The need to broaden GDP (or someother measure of national advancement) is clear but what is not so well acknowledge is the self-regulating power that such measures hold over personal, familial and communal behaviours and economic choices. Thus, we not only need a more inclusive and balanced measure of growth, as represented by a reformed GDP, but we also need new regulatory mechanisms for harnessing the self-regulatory power that such national measures unlock. 

Ken Henry points out, “the metrics we use to measure our goals affect the path we take to reach our goals” (Henry, 2010, p. 24).  This means that our indicators of macro-level national progress and growth regulate the micro- and meso-level behaviours we engage in (as individuals, organisations and communities) to pursue those national goals. 

This is where the notion of meta-regulation enters the picture: Regulating the indices we use to achieve national goals is a form of meta-regulation that can potentially guide our economic behaviour towards more sustaining and enriching national goals. Where traditional command-and-control forms of government regulation attempt to directly control organisational and corporate activities through legislated standards, meta-regulation guides the (self-)regulatory process itself. Morgan (2003, p. 490) defines meta-regulation this way: “[Meta-regulation] captures a desire to think reflexively about regulation, such that rather than regulating social and individual action directly, the process of regulation itself becomes regulated.”

Supporting the recommendations of Stiglitz, Sen and Fitoussi and others, the meta-regulation of GDP would involve the deliberate broadening of the indicator to include and integrate measures of social, cultural and environmental well-being. But even more importantly, the lens of meta-regulation provides a means for seeing how our inherent enthusiasm for achieving “growth” can be expressed via more sustainable activities and more enriching goals. 

A root-and-branch solution to climate change will not emerge without the meta-regulation of (inter)national measures of economic advancement. 

This, of course, also means that there will need to be some kind of international co-ordination of such measures.  Whatever the actual constituent elements of those measures will be, the central role of meta-regulation and its co-ordinated governance will need to be acknowledged.     

Meta-regulation provides a new lens for understanding the dynamics involved in our infatuation with GDP and how we might alter it to target more balanced goals.  For example, GDP and its ancillary indicators constitute a dynamic feedback system that we and our organisations use to inform our mindsets, behaviours, goals and intentions.  This is particularly true for international and global issues such as climate change, which cross all kinds of national and jurisdictional boundaries.  Focusing on the meta-regulatory potential offered via indicators such as GDP can unlock organisations’ inherent energies for attaining goals. 

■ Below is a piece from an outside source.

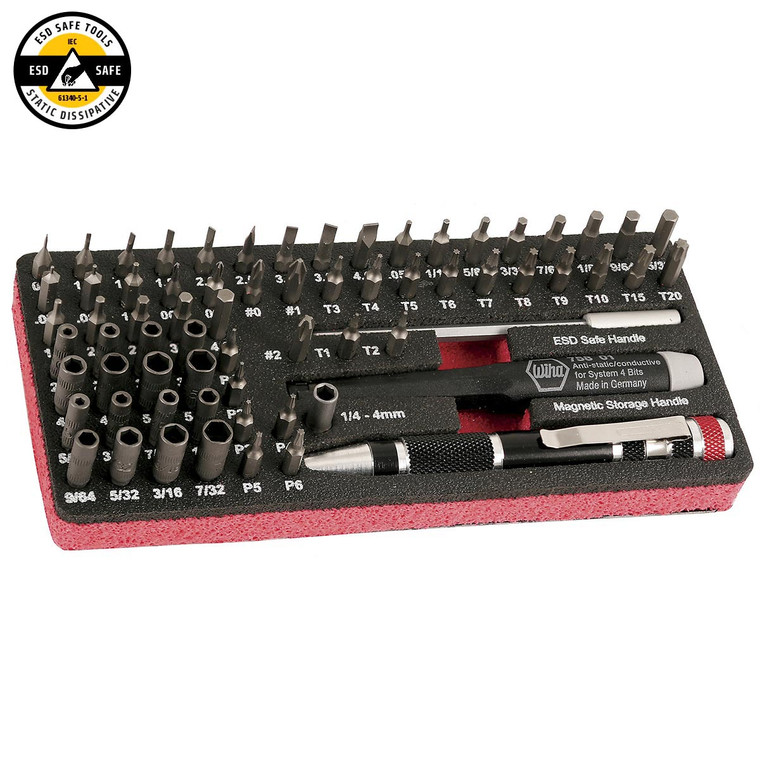 Wiha ESD Safe Master Technicians Ratchet and Micro Bits - 68 Piece Set - 75968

Whereas direct command-and-control regulation enforces standards through imposing sanctions and restrictions, meta-regulatory interventions aimed at improving indices of success tap into our self-generated capacities for change and creativity (Parker 2002). Through regulating the goal of development rather than trying to control behaviour itself, the conditions for self-regulation, self-determination and innovation are supported rather than suppressed.  And so the meta-regulatory task of guiding private and public organisations to achieve certain goals “is premised upon a change in mentalities or culture, rather than on coercion” (Scott 2003, p. 214). 

If our measures of success, as exemplified in GDP growth, continue to tell us that unlimited production and consumption of goods and services is the great national goal and that we need not bother with the long-term, planetary implications of our economic actions, then the multiple crises that face us in the 21st century will only deepen. In particular the climate change crisis will deepen and, as Naomi Oreskes has pointed out, lead to much greater and more direct regulatory actions of the command and control variety. Such old-style regulations will themselves have many unforeseen impacts on natural environments as well as social conditions. I don’t see that regulatory option ending in anything but unwanted consequences and massive social unrest. On the other hand, meta-regulatory interventions have the potential to capture innate social and psychological forces that use people’s inherent drives for healthy innovation and balanced growth of a more grounded and holistic nature. The meta-regulation of these growth indicators can help us turn a reflexive eye onto the compasses we use to set the direction of our domestic as well as national economies.  The alternative of staying the course with a broken compass is not a sensible option.  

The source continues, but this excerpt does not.